* _Exercise brief_: Retype the material that follows exactly, limited to the lines from the one with "Disney Living Seas" through the one with "2026 Jeep Wrangler 4-Door Sahara 4x4", and keep out all pictures.

* _Available data_:
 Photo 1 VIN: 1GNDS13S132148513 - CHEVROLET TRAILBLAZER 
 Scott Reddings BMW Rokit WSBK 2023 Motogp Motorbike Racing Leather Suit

* * *

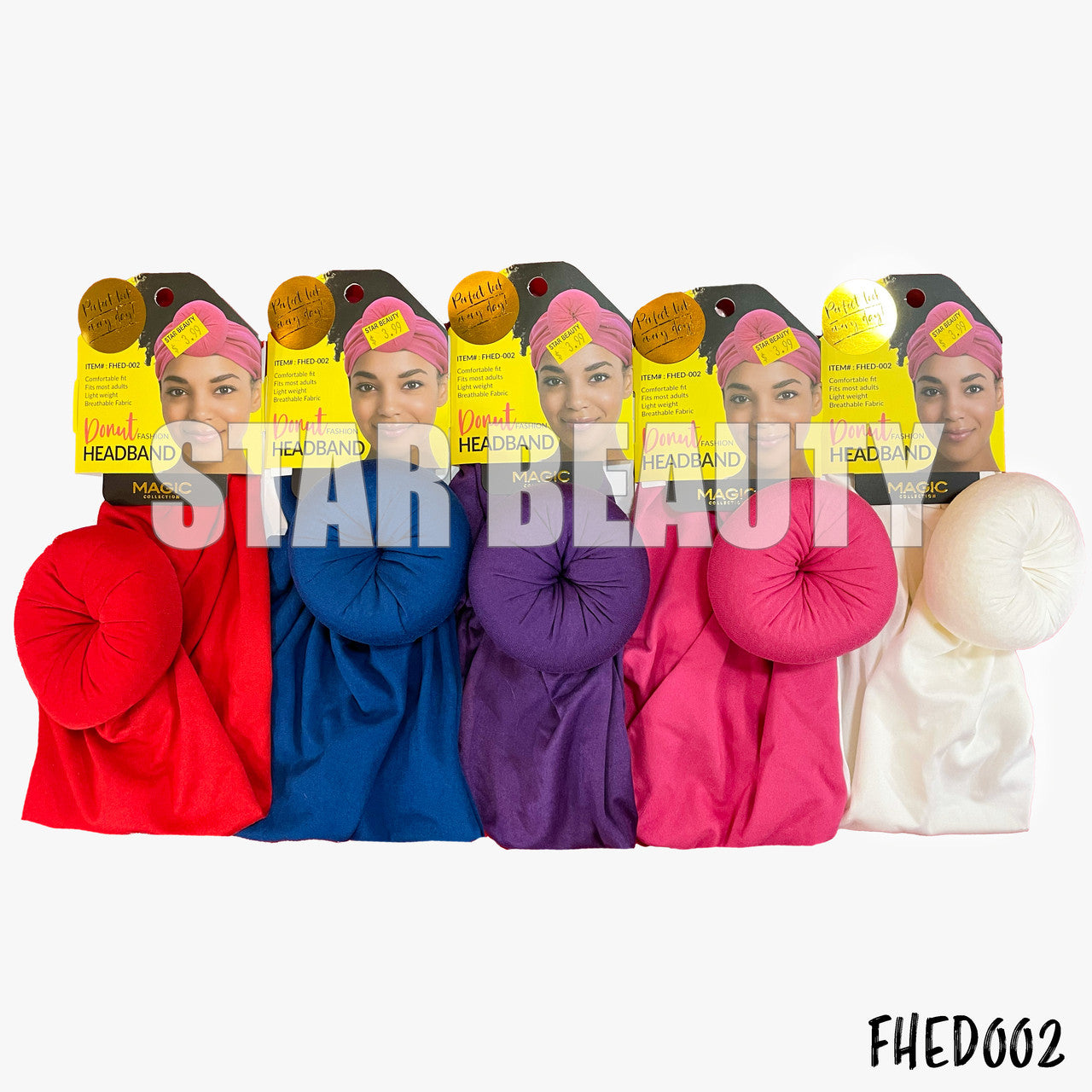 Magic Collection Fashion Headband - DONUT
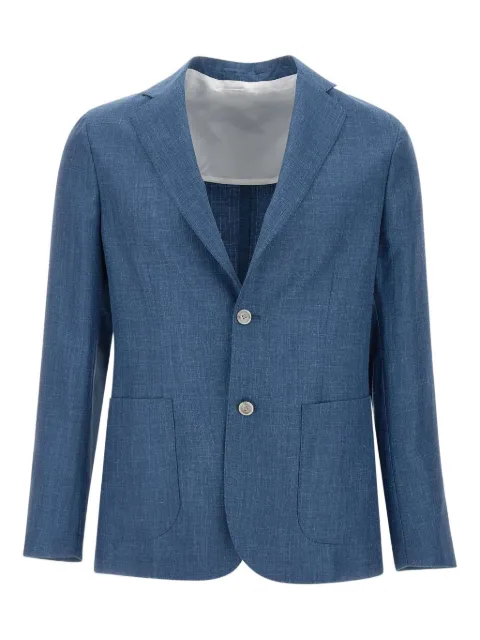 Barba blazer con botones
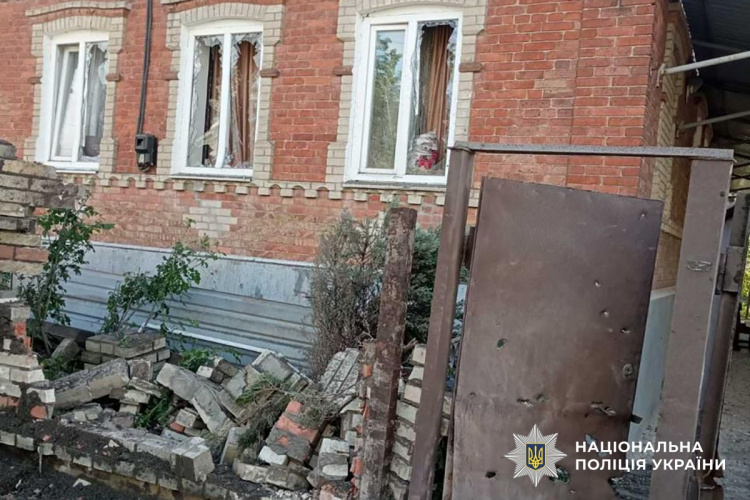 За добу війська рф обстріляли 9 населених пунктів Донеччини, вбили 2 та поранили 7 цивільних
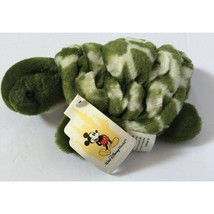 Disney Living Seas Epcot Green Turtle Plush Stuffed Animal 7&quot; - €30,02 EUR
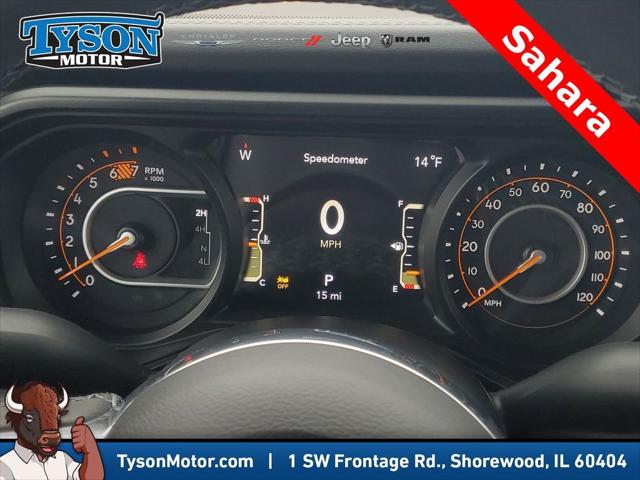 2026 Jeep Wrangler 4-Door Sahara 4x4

* _Task answer_:
 Disney Living Seas Epcot Green Turtle Plush Stuffed Animal 7&quot; - €30,02 EUR
 2026 Jeep Wrangler 4-Door Sahara 4x4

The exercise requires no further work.